PROBLEM STATEMENT: Look below for the line containing "Rare Red Climbing". Write out that line and the rest through the last one, exactly as they appear, but without pictures.

Records from a data collection:

|---|

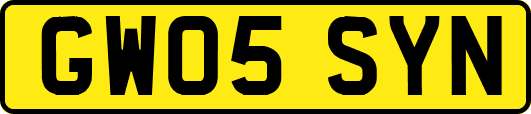 GW05SYN
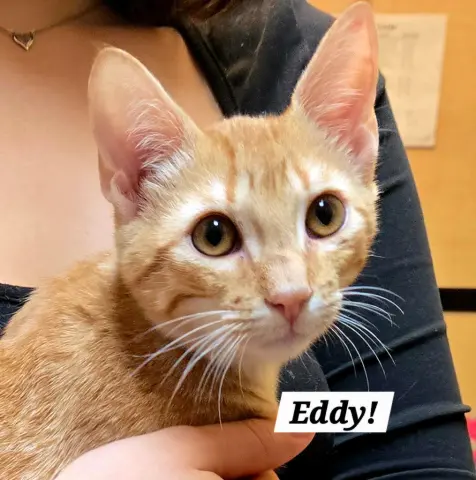 Eddy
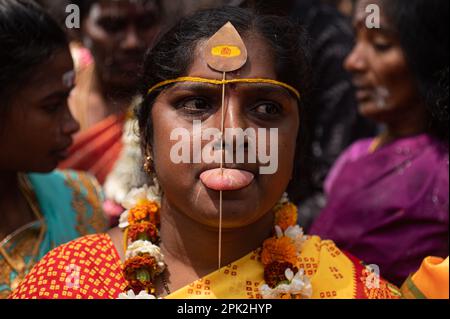 New Delhi, Delhi, Inde. 5th avril 2023. Un dévot peut être vu avec une brochette de métal percée sur sa langue lors d'une procession religieuse hindoue pour marquer le festival Panguni Uthiram à New Delhi, Inde sur 5 avril 2023. (Credit image: © Kabir Jhangiani/ZUMA Press Wire) USAGE ÉDITORIAL SEULEMENT! Non destiné À un usage commercial ! Banque D'Images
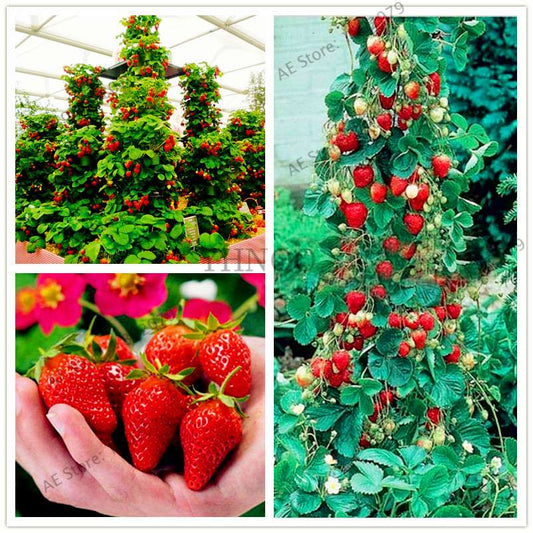 Rare Red Climbing Strawberry Seeds for Home Garden | Sweet Fruit Plant Bonsai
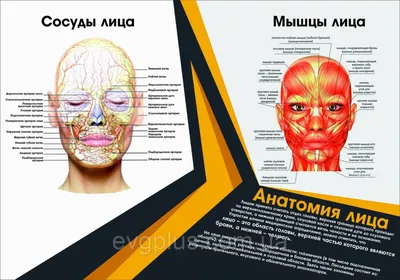 Санбюлетень \"Анатомия лица. Сосуды лица. Мышцы лица.\" рус.версия  (анатомический плакат): продажа, цена в Кропивницком. Календари и плакаты  от \"РА ЄВГЕНИЯ ПЛЮС\" - 822858112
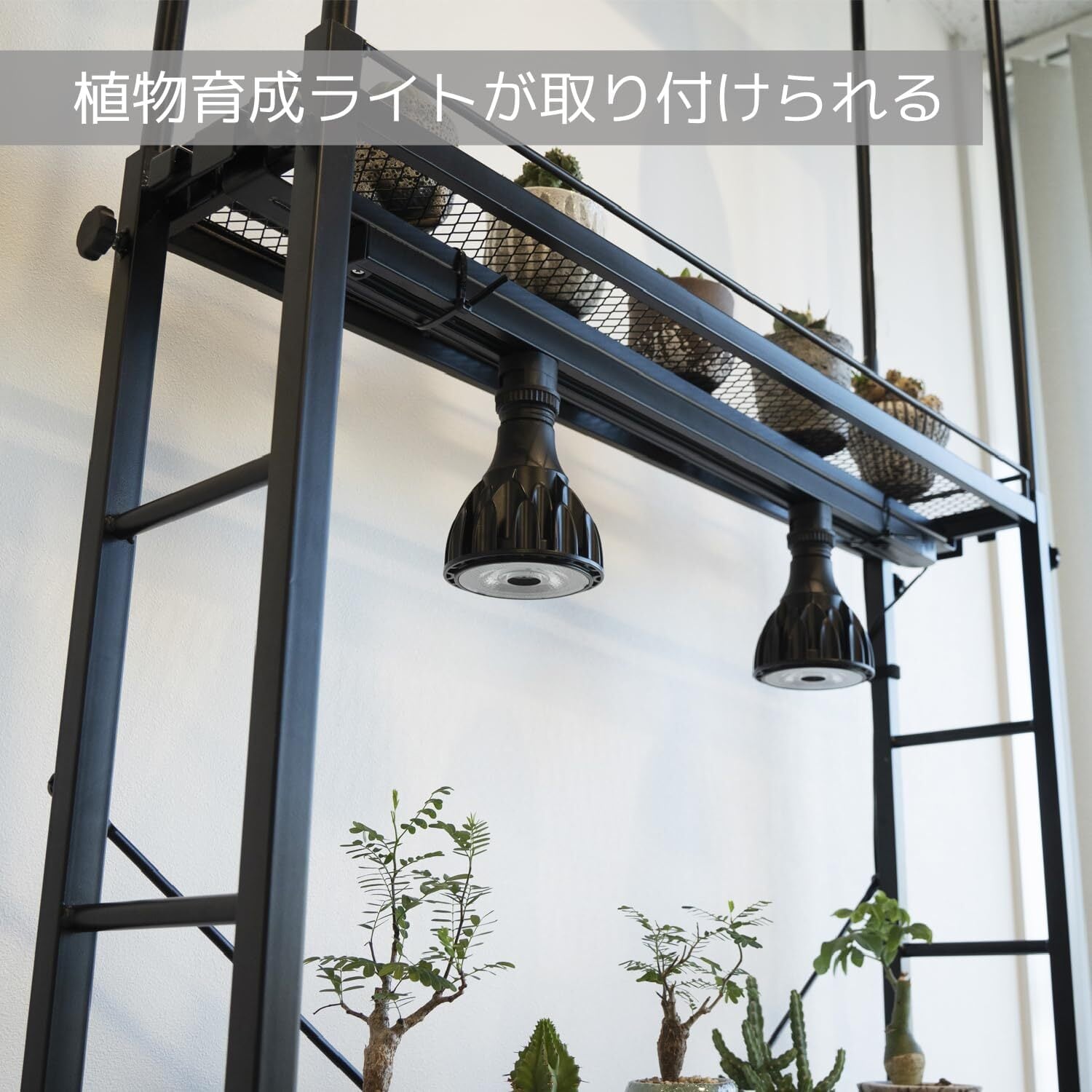 BIBILAB(ビビラボ) ビザールプランツラックスリム LPR-180-BK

|---|

FINAL ANSWER:
 Rare Red Climbing Strawberry Seeds for Home Garden | Sweet Fruit Plant Bonsai
 Санбюлетень \"Анатомия лица. Сосуды лица. Мышцы лица.\" рус.версия  (анатомический плакат): продажа, цена в Кропивницком. Календари и плакаты  от \"РА ЄВГЕНИЯ ПЛЮС\" - 822858112
 BIBILAB(ビビラボ) ビザールプランツラックスリム LPR-180-BK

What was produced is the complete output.